The Value of Everything: New Inquiry Working Paper
Date: 22 Dec 2015
Considering the design of a sustainable financial system means answering questions in the trillions. How much annual investment is needed to achieve the Sustainable Development Goals? How much for the ongoing transition to a low-carbon economy? How much of our assets are at risk because of damage to the environment? How much of fossil fuel-based assets may turn out to have been overvalued? And what volumes of assets are managed by investors that recognize they need to pay attention to these questions?
To put any such numbers into context you need both a numerator and a denominator, and you need to differentiate between stocks and flows. This working paper seeks to provide an estimate of the denominator for stocks of global assets: What is the value of everything?
Overall this working paper counts some $450 trillion. The largest three four asset classes are fixed income financial instruments (such as bonds and treasury notes) at $100 trillion, followed by property at $95 trillion, including the value of people’s homes, cash at $75 trillion and public companies, represented by their share values at $67 trillion.
While the paper is entitled ‘the value of everything’, several kinds of value are not included – such as the value of ‘human capital’ (i.e. knowledge and skills), the value of the institutions, and the value of nature (nor does it touch on the question of how assets are distributed).
This is not because these are not important questions, but rather because the paper is intended to provide a snapshot of the current state of affairs; the valuations which are recorded on balance sheets and which inform today’s investment decisions.
Our current measures of value, both at the level of national accounts and individual investment decisions suffer from extreme narrowness. The Inclusive Wealth Report offers a different perspective, estimating total global wealth at $590 trillion (in 2010) – including $363 trillion of human capital, $157 trillion of produced capital and $71 trillion of natural capital. Our collective assets generate a gross world product of around $80 trillion.
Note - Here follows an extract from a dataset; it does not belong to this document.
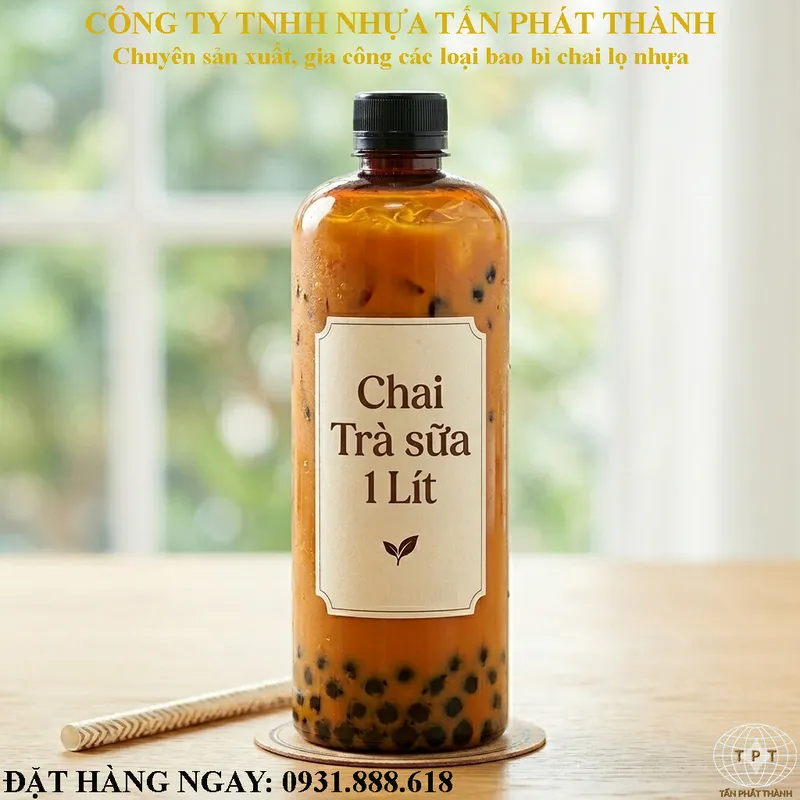 Sản phẩm chai ts 1l — Nhựa Tấn Phát Thành - Công Ty TNHH Nhựa Tấn Phát Thành — MST 0302471252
This is of course a measure of flow, but similarly to the ‘value of everything’ calculation it only measures value that can be monetized, and not for example the value of family care, ecosystem services or the costs of environmental damage. Costanza et al estimate that natural systems such as soil, water and atmosphere provide an additional $130 trillion a year worth of ‘ecosystem services’ to societies (suggesting that estimates of natural capital given above are several times too low).
This working paper is a contribution to the broader work of the Inquiry and others on the future of value and how we should optimize and protect it for the future. Global estimates give some perspective on the magnitude of stocks and flows and their potential relationships. They are a starting point for further research on the questions of how to assess current and future value with corresponding implications for real economic growth, as well as for strategies to align financial decision making with sustainable value.